--- Record excerpts Enclosed Below ---
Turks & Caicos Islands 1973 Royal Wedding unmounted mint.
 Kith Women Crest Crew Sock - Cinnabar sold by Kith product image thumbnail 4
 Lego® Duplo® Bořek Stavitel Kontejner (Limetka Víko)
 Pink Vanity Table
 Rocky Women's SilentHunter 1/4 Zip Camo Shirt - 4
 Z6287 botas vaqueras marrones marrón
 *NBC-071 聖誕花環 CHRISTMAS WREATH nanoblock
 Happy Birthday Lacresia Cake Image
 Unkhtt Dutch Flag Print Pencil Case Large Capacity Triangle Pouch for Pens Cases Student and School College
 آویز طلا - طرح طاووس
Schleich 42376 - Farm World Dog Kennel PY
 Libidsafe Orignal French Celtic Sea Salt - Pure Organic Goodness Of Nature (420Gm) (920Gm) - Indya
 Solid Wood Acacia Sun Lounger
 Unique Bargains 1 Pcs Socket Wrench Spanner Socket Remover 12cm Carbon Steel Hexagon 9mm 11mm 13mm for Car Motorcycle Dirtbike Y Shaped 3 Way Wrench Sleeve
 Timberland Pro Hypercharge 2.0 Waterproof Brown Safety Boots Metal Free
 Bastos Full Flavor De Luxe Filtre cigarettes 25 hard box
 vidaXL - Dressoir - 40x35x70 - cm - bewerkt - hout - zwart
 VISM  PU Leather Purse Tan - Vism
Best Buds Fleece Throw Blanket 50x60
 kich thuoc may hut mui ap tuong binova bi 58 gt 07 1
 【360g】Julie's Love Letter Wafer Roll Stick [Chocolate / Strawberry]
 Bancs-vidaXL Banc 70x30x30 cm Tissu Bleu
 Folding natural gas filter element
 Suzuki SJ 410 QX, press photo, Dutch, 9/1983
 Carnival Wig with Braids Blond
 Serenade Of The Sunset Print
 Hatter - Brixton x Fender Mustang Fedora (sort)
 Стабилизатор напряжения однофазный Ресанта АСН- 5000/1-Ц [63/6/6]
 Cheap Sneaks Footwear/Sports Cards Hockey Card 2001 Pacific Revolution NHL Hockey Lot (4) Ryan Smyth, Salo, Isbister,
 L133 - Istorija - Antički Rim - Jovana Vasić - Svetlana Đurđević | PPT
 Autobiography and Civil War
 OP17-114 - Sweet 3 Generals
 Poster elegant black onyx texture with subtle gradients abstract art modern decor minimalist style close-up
--- End of Enclosed Record excerpts ---
_Task goal:_ Begin at the first line of the records above and quote every line verbatim through the one that contains "آویز طلا - طرح طاووس".

_Finished task:_
Turks & Caicos Islands 1973 Royal Wedding unmounted mint.
 Kith Women Crest Crew Sock - Cinnabar sold by Kith product image thumbnail 4
 Lego® Duplo® Bořek Stavitel Kontejner (Limetka Víko)
 Pink Vanity Table
 Rocky Women's SilentHunter 1/4 Zip Camo Shirt - 4
 Z6287 botas vaqueras marrones marrón
 *NBC-071 聖誕花環 CHRISTMAS WREATH nanoblock
 Happy Birthday Lacresia Cake Image
 Unkhtt Dutch Flag Print Pencil Case Large Capacity Triangle Pouch for Pens Cases Student and School College
 آویز طلا - طرح طاووس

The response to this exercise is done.